After Maine recently passed an increase to the minimum wage, many Maine restaurant workers who depend on tips voiced serious concerns. They believed that the increased minimum wage would actually cause them to make less money. They feared that restaurant owners would raise prices and cut workers’ shifts. Some said that customers had begun to tip less because the customers assumed that the increased minimum wage made tips less important to servers. Due to these concerns, the Maine legislature recently passed a bill that reversed the increase in minimum wage that employers must pay to tipped workers and the Governor has signed that bill.

If the minimum wage increase for tipped workers had not been reversed, employers of tipped workers would have went from paying tipped workers a minimum wage of $3.75/hour in 2016 to $12/hour by 2024.  Employers of tipped workers will have to pay workers a minimum of $5/hour this year but in future years they will only have to pay them half of the minimum wage that non-tipped workers must receive.  What will not change is that if tips do not result in a tipped worker making at least the same minimum wage as a non-tipped worker, the employer of the tipped worker will have to make up the difference.

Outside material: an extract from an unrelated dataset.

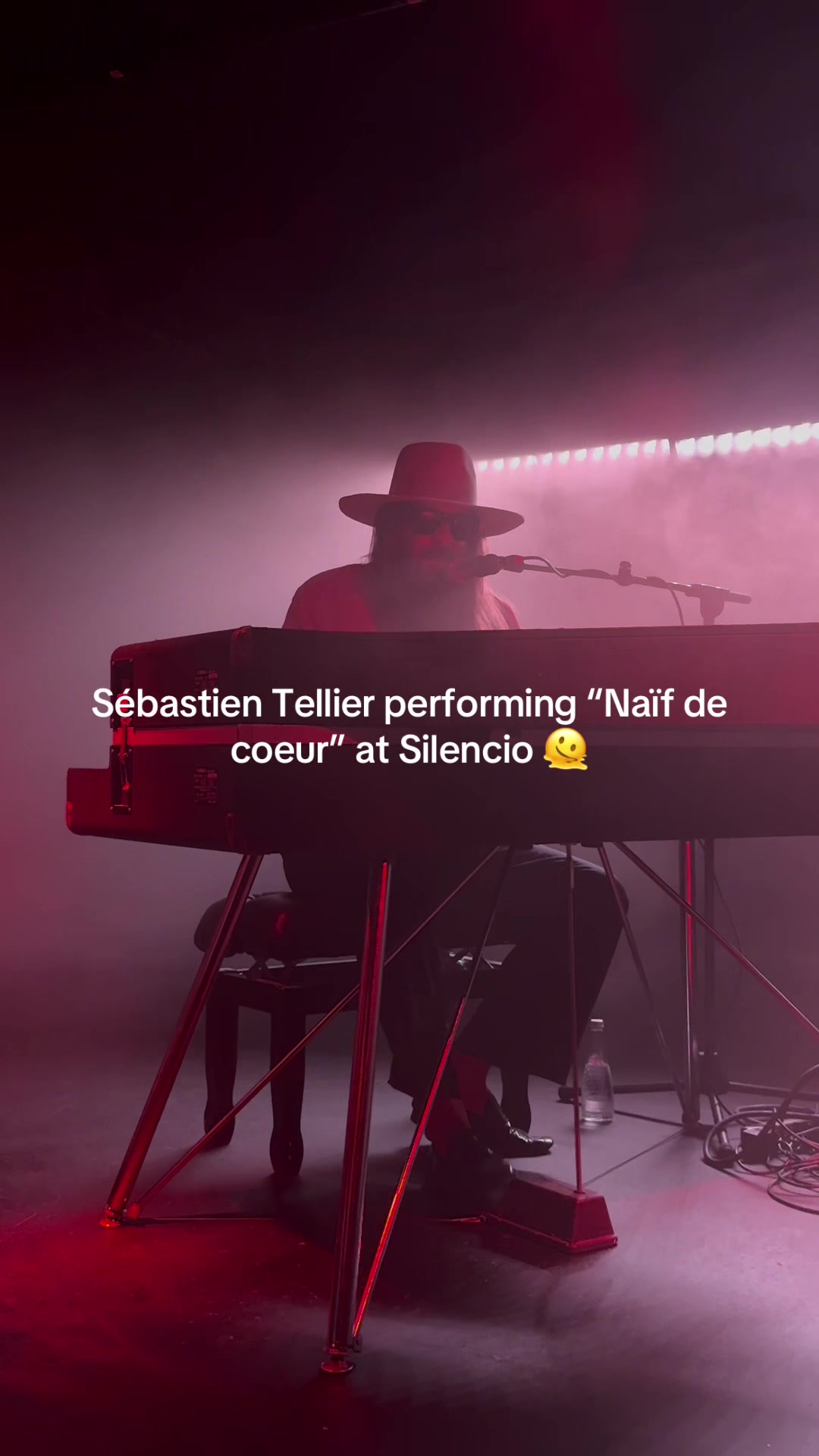 @S&eacute;bastien Tellier Club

One of the Maine restaurant workers who organized the movement to reverse the rise in the minimum wage for tipped workers was Jason Buckwalter. He is now saying that he wants to take this movement to other places in the country where the minimum wages of tipped workers may be raised or have already been raised. But those who advocate for a higher minimum wage for restaurant workers say that they disagree with Buckwalter and others in his camp. “We do not believe what we see in Maine is representative of the majority of workers,” said Dave Palmer, the managing director of Restaurant Opportunities Centers United, a national group of low-wage restaurant workers.